3. Een naar wettelijk voorschrift opgemaakt proces-verbaal onderzoek vuurwapen/ munitie d.d. 7 januari 2019 opgenomen op pagina 94 e.v. van voornoemd dossier:
Op 24 oktober 2018 werd door de plaatselijke politie tijdens een onderzoek in een woning op perceel [straatnaam] Groningen de navolgende vuurwapens en munitie aangetroffen en inbeslaggenomen.
Na onderzoek is het volgende naar voren gekomen:
Semiautomatisch pistoolGoednummer PL0100-2018281408-1065960
Object Vuurwapen (Semiautomatisch pistool)
Merk/ type Walther Pk 380
Spoor identificatie nr.

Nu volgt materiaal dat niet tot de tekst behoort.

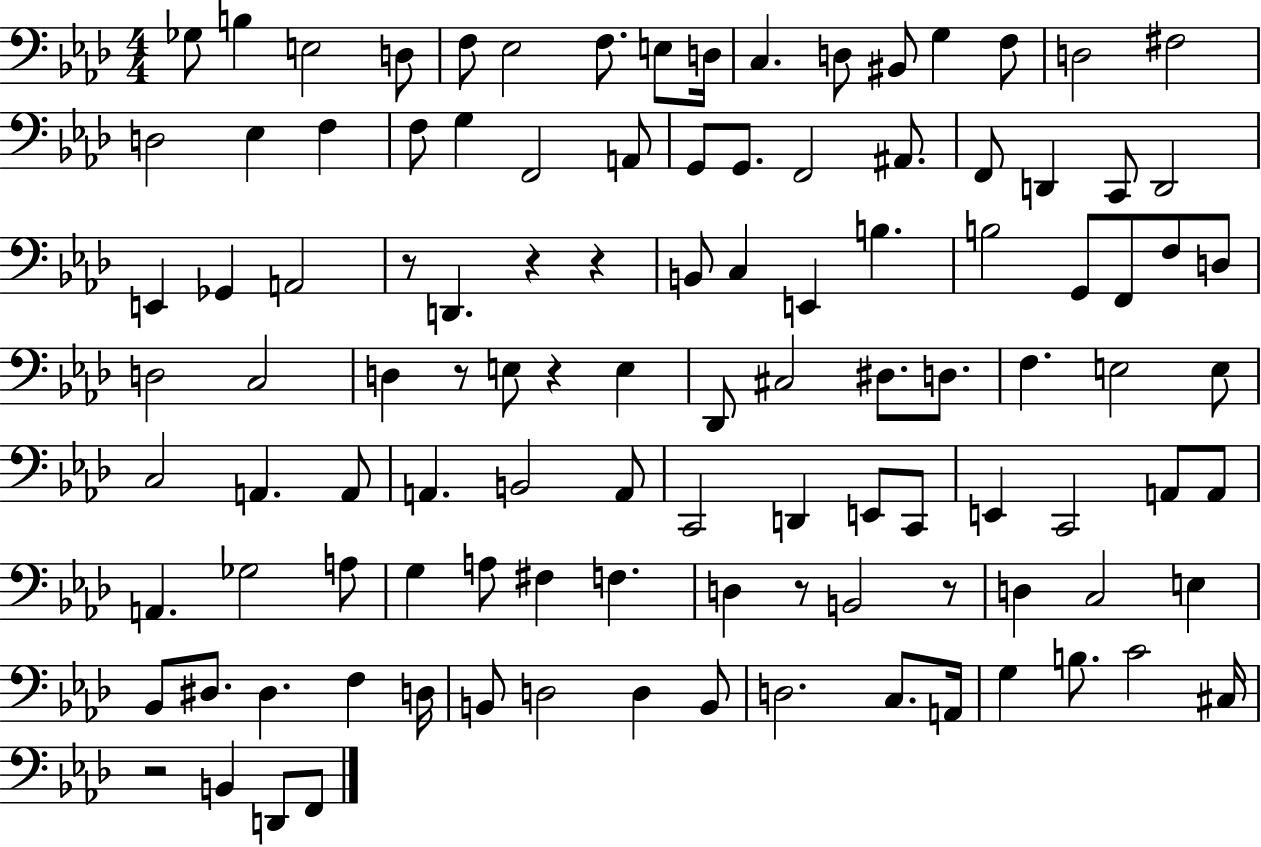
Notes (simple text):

Gb3/e B3/q E3/h D3/e F3/e Eb3/h F3/e. E3/e D3/s C3/q. D3/e BIS2/e G3/q F3/e D3/h F#3/h D3/h Eb3/q F3/q F3/e G3/q F2/h A2/e G2/e G2/e. F2/h A#2/e. F2/e D2/q C2/e D2/h E2/q Gb2/q A2/h R/e D2/q. R/q R/q B2/e C3/q E2/q B3/q. B3/h G2/e F2/e F3/e D3/e D3/h C3/h D3/q R/e E3/e R/q E3/q Db2/e C#3/h D#3/e. D3/e. F3/q. E3/h E3/e C3/h A2/q. A2/e A2/q. B2/h A2/e C2/h D2/q E2/e C2/e E2/q C2/h A2/e A2/e A2/q. Gb3/h A3/e G3/q A3/e F#3/q F3/q. D3/q R/e B2/h R/e D3/q C3/h E3/q Bb2/e D#3/e. D#3/q. F3/q D3/s B2/e D3/h D3/q B2/e D3/h. C3/e. A2/s G3/q B3/e. C4/h C#3/s R/h B2/q D2/e F2/e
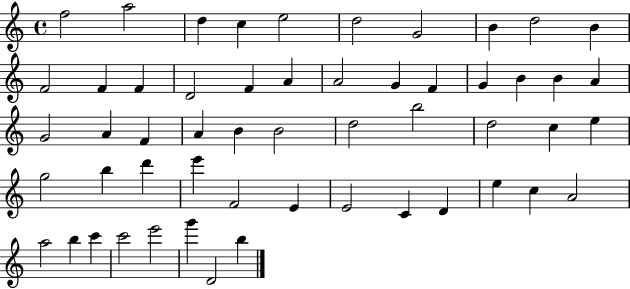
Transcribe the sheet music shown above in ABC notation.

X:1
T:Untitled
M:4/4
L:1/4
K:C
f2 a2 d c e2 d2 G2 B d2 B F2 F F D2 F A A2 G F G B B A G2 A F A B B2 d2 b2 d2 c e g2 b d' e' F2 E E2 C D e c A2 a2 b c' c'2 e'2 g' D2 b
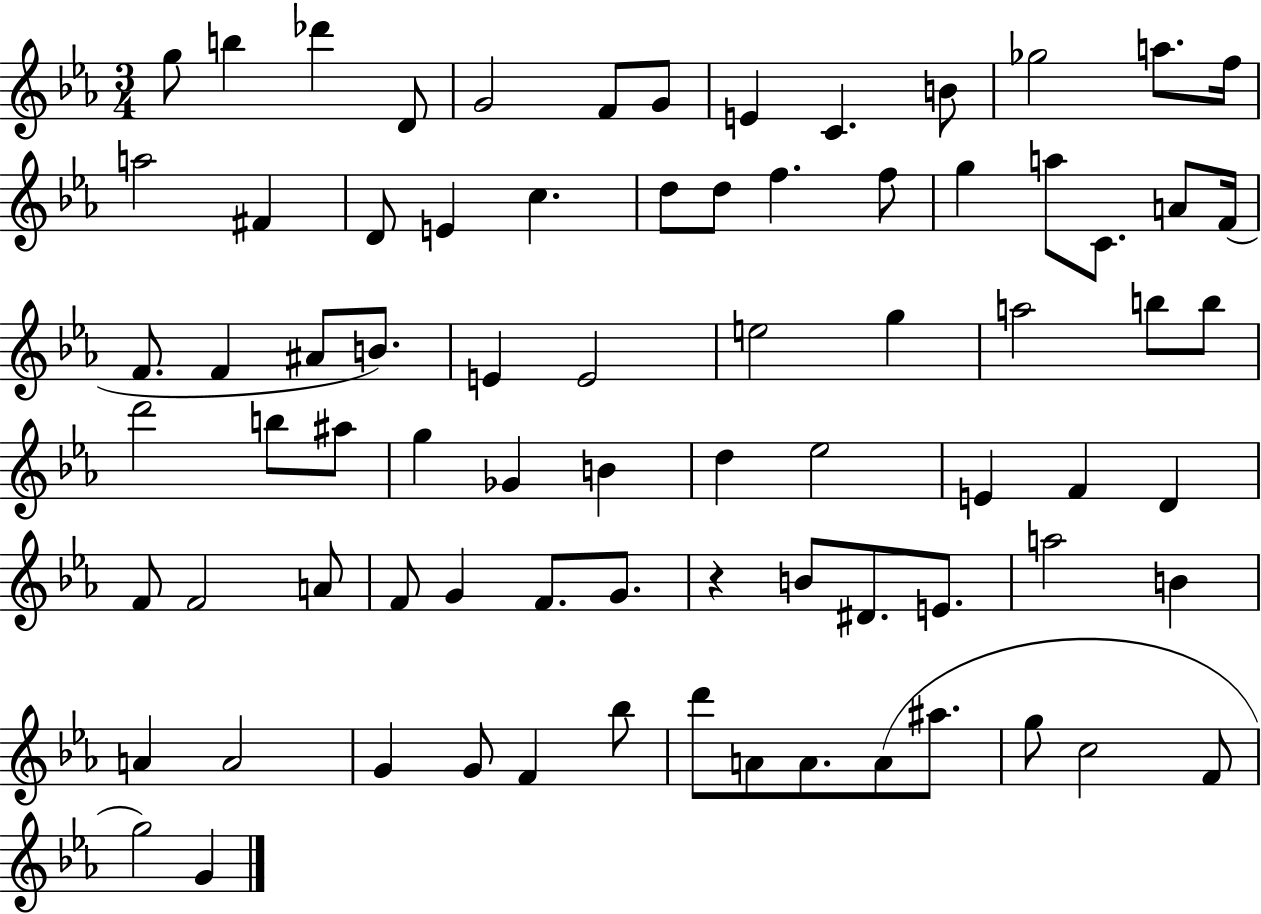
G5/e B5/q Db6/q D4/e G4/h F4/e G4/e E4/q C4/q. B4/e Gb5/h A5/e. F5/s A5/h F#4/q D4/e E4/q C5/q. D5/e D5/e F5/q. F5/e G5/q A5/e C4/e. A4/e F4/s F4/e. F4/q A#4/e B4/e. E4/q E4/h E5/h G5/q A5/h B5/e B5/e D6/h B5/e A#5/e G5/q Gb4/q B4/q D5/q Eb5/h E4/q F4/q D4/q F4/e F4/h A4/e F4/e G4/q F4/e. G4/e. R/q B4/e D#4/e. E4/e. A5/h B4/q A4/q A4/h G4/q G4/e F4/q Bb5/e D6/e A4/e A4/e. A4/e A#5/e. G5/e C5/h F4/e G5/h G4/q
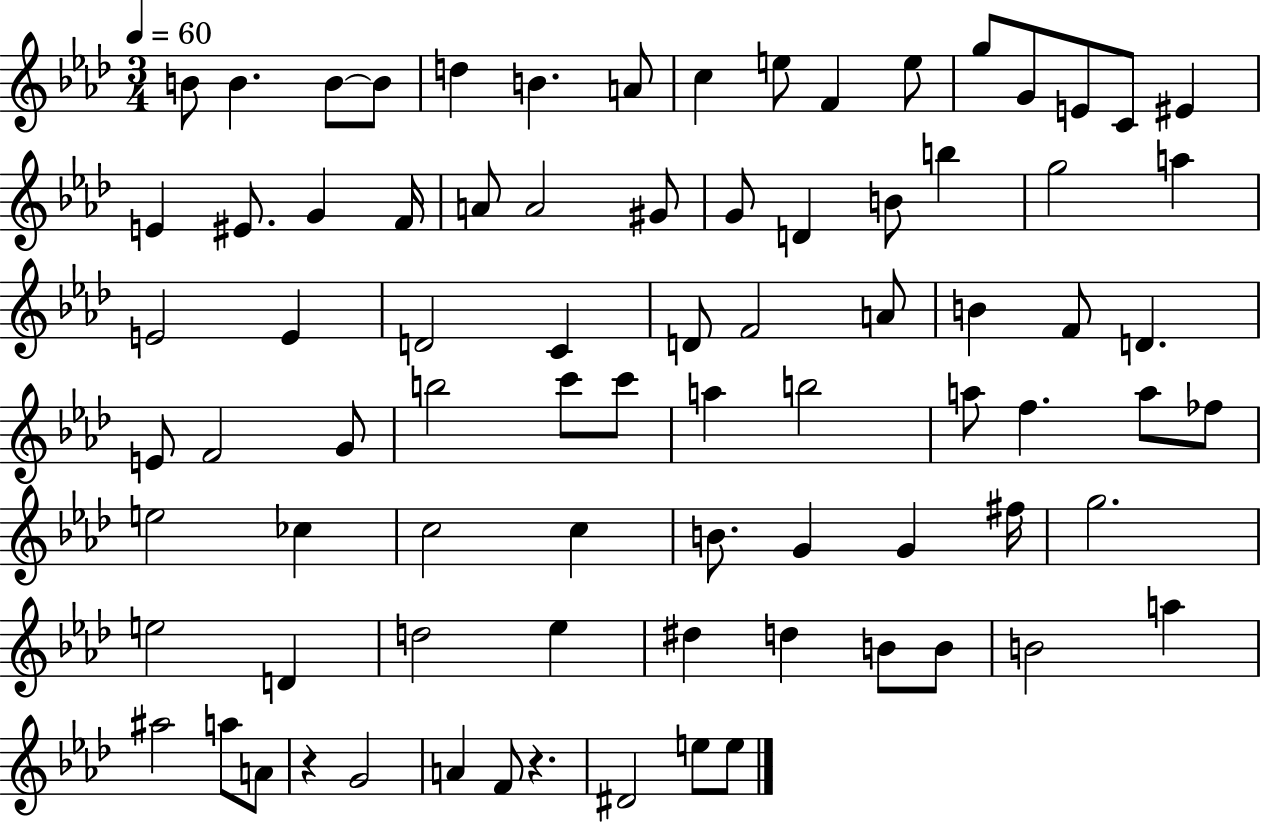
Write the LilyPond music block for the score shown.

{
  \clef treble
  \numericTimeSignature
  \time 3/4
  \key aes \major
  \tempo 4 = 60
  b'8 b'4. b'8~~ b'8 | d''4 b'4. a'8 | c''4 e''8 f'4 e''8 | g''8 g'8 e'8 c'8 eis'4 | \break e'4 eis'8. g'4 f'16 | a'8 a'2 gis'8 | g'8 d'4 b'8 b''4 | g''2 a''4 | \break e'2 e'4 | d'2 c'4 | d'8 f'2 a'8 | b'4 f'8 d'4. | \break e'8 f'2 g'8 | b''2 c'''8 c'''8 | a''4 b''2 | a''8 f''4. a''8 fes''8 | \break e''2 ces''4 | c''2 c''4 | b'8. g'4 g'4 fis''16 | g''2. | \break e''2 d'4 | d''2 ees''4 | dis''4 d''4 b'8 b'8 | b'2 a''4 | \break ais''2 a''8 a'8 | r4 g'2 | a'4 f'8 r4. | dis'2 e''8 e''8 | \break \bar "|."
}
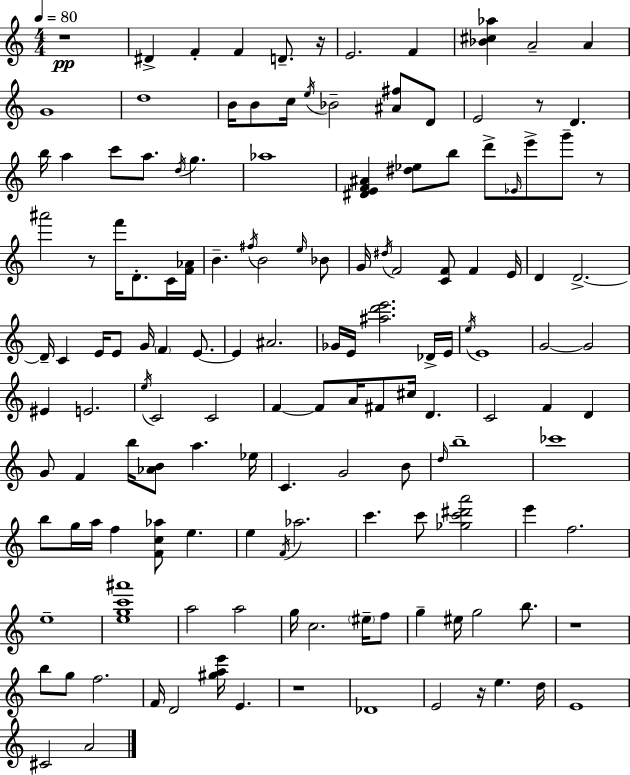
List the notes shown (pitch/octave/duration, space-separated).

R/w D#4/q F4/q F4/q D4/e. R/s E4/h. F4/q [Bb4,C#5,Ab5]/q A4/h A4/q G4/w D5/w B4/s B4/e C5/s E5/s Bb4/h [A#4,F#5]/e D4/e E4/h R/e D4/q. B5/s A5/q C6/e A5/e. D5/s G5/q. Ab5/w [D#4,E4,F4,A#4]/q [D#5,Eb5]/e B5/e D6/e Eb4/s E6/e G6/e R/e A#6/h R/e F6/s D4/e. C4/s [F4,Ab4]/s B4/q. F#5/s B4/h E5/s Bb4/e G4/s D#5/s F4/h [C4,F4]/e F4/q E4/s D4/q D4/h. D4/s C4/q E4/s E4/e G4/s F4/q E4/e. E4/q A#4/h. Gb4/s E4/s [A#5,D6,E6]/h. Db4/s E4/s E5/s E4/w G4/h G4/h EIS4/q E4/h. E5/s C4/h C4/h F4/q F4/e A4/s F#4/e C#5/s D4/q. C4/h F4/q D4/q G4/e F4/q B5/s [Ab4,B4]/e A5/q. Eb5/s C4/q. G4/h B4/e D5/s B5/w CES6/w B5/e G5/s A5/s F5/q [F4,C5,Ab5]/e E5/q. E5/q F4/s Ab5/h. C6/q. C6/e [Gb5,C6,D#6,A6]/h E6/q F5/h. E5/w [E5,G5,C6,A#6]/w A5/h A5/h G5/s C5/h. EIS5/s F5/e G5/q EIS5/s G5/h B5/e. R/w B5/e G5/e F5/h. F4/s D4/h [G#5,A5,E6]/s E4/q. R/w Db4/w E4/h R/s E5/q. D5/s E4/w C#4/h A4/h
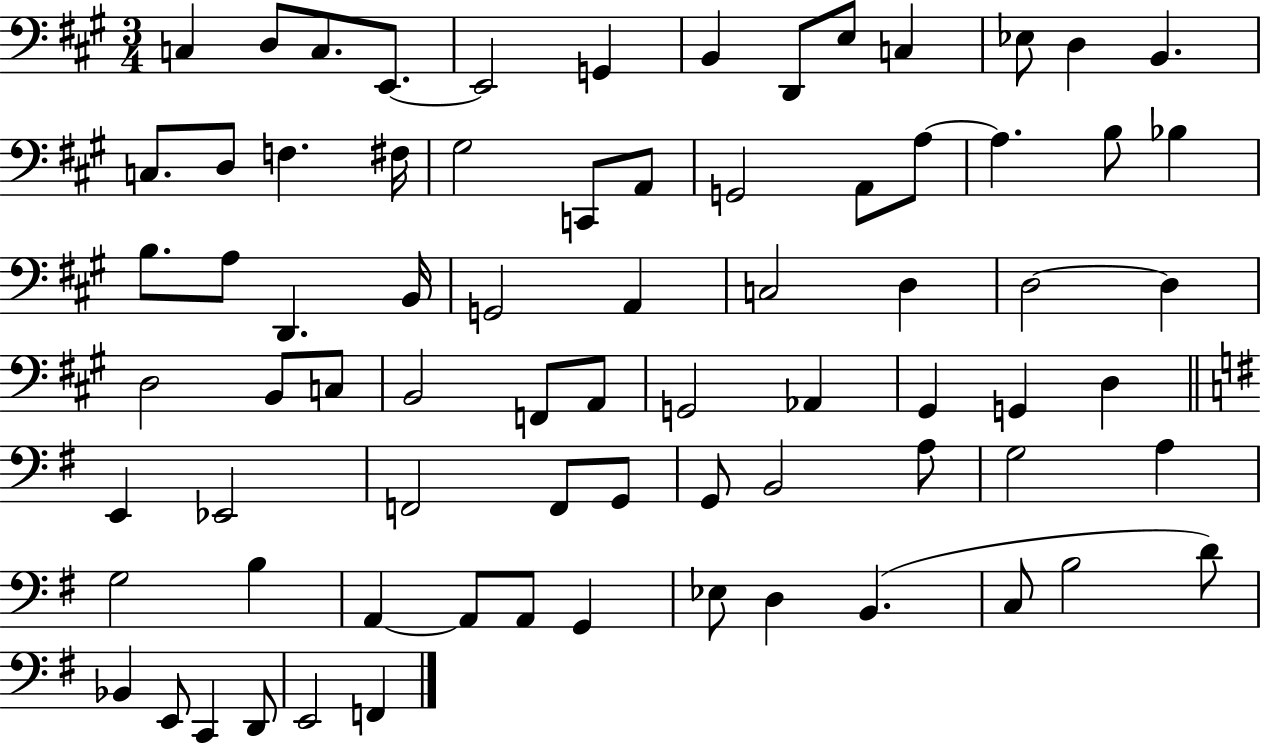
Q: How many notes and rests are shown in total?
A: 75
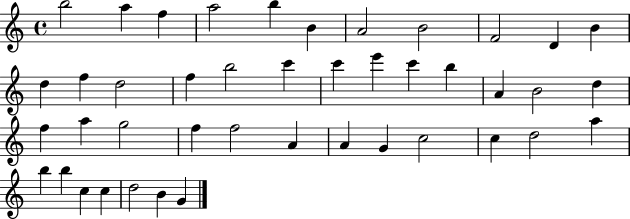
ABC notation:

X:1
T:Untitled
M:4/4
L:1/4
K:C
b2 a f a2 b B A2 B2 F2 D B d f d2 f b2 c' c' e' c' b A B2 d f a g2 f f2 A A G c2 c d2 a b b c c d2 B G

AAGP5526NL
Was half geladen.
Dit vuurwapen is een semiautomatisch gaspistool dat van origine was bestemd
om stoffen door een loop te verschieten. De loop van dit pistool hoort
namelijk voorzien te zijn van een sper(blokkering) waardoor het geen
projectielen kan verschieten. De werking van dit pistool berust op het teweeg
brengen van een scheikundige ontploffing.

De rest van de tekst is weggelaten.